*Task description*
Would you return, word for word, the lines of the data below from the line with "जनजातीय क्षेत्र के" through the line with "Japa Mala de Fluorita", and no others?

*Available data*
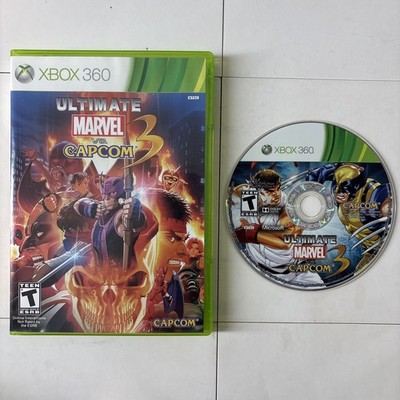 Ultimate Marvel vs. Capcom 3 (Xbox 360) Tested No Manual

==

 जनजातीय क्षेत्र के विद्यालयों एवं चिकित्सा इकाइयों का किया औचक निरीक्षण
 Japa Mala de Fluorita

*Result*
 जनजातीय क्षेत्र के विद्यालयों एवं चिकित्सा इकाइयों का किया औचक निरीक्षण
 Japa Mala de Fluorita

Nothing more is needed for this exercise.